Shikhae, also called dansul, is a malted sweet rice drink that is usually served in the summer. It takes a bit of time to make but it goes well with spicy Korean food.
2 cups of cooked rice
1 lb malt flour, fine (yutgirum garu 엿기름 가루)
12 cups of warm water
3 cup sugar or honey
l/2 cup pine nuts
Mix malt flour well with 7 cups of warm water, set aside.
Cook 2 cups of rice, fluffy style -- not too watery. Use 10 percent less water than you would normally. When it’s cooked, fluff it up with a rice scooper.
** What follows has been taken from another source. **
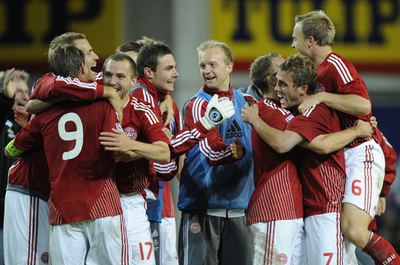 デンマーク スウェーデンを下し本大会出場決める、W杯予選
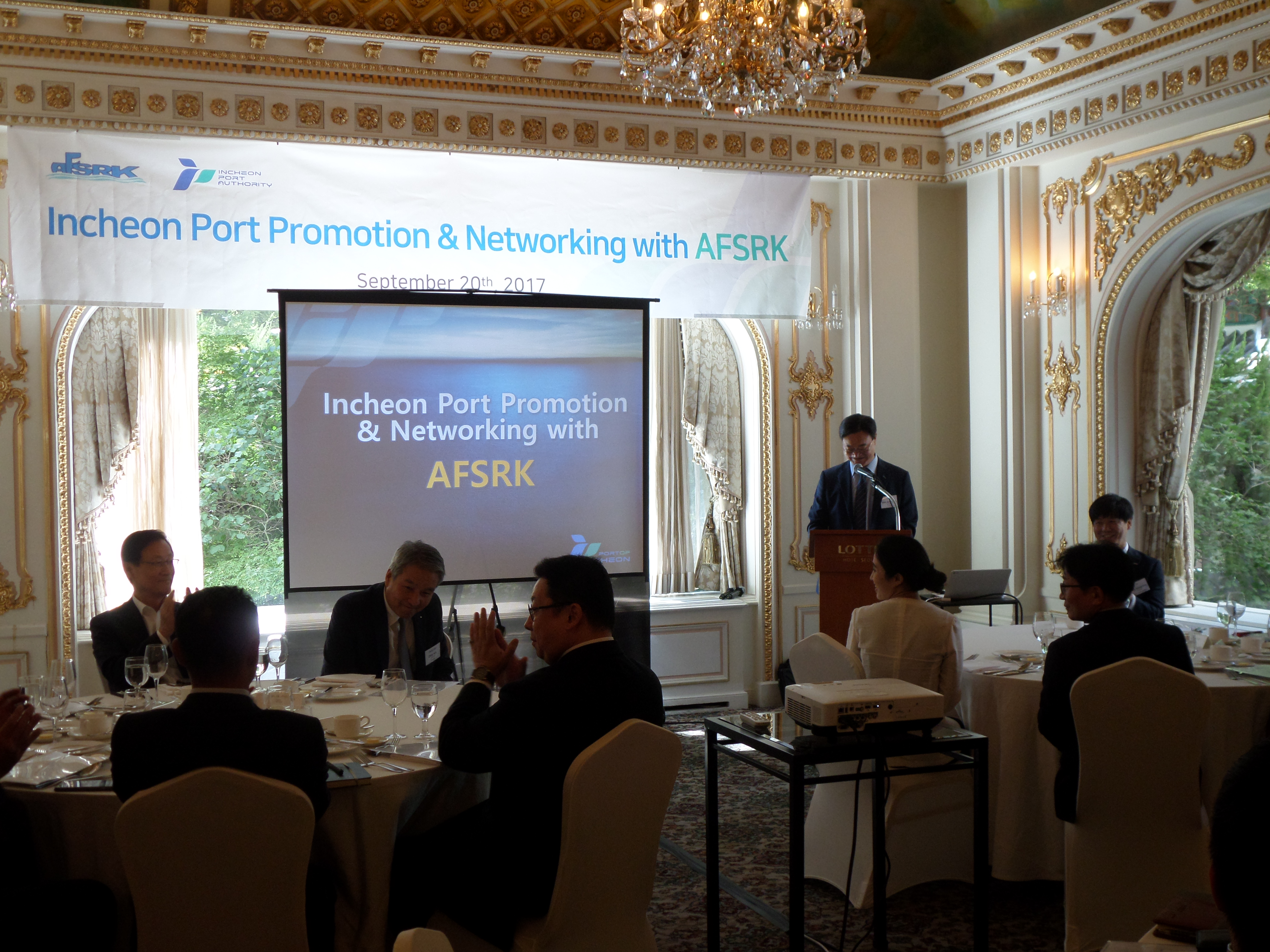 Nam Bong Hyeon, CEO of IPA explaining about the current status of Incheon Port and the development plan to the foreign ship-owners representative who have participated in the Incheon Port seminar.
When the malt flour has settled and there's only a clear brown liquid on top, carefully drain the water out of the mixture (do not discard the malt residue). Add the clear liquid to the cooked rice in the rice cooker. Also add 1 cup of sugar, then put the cooker on the "warm" setting for 4-5 hours.
Going back to the malt flour residue, add 5 more cups of water and let it sit for 1 hr. After 1 hour, drain again, saving only the top clear liquid.
After 4-5 hours in the rice cooker, rice should start floating on the top of the liquid (at least a couple of pieces). Pour the warmed rice mixture into a large pot (6-8 qt), and add the additional malt flour water to this. Add another 2 cups of sugar, or honey (less if you prefer less sweet), and bring it to boil. Simmer for 20–30 min.
Remove the pot from heat and let cool slightly. Scoop the floating rice out of the pot and rinse in cold water. Keep the rice in cool water. Store the sweet rice liquid and the clean rice pieces in separate storage containers in the refrigerator.
When it’s time to serve, scoop up some liquid in a glass bowl, add some rice pieces (they should float), and garnish with roasted pine nuts (as many as you want). Serve cool.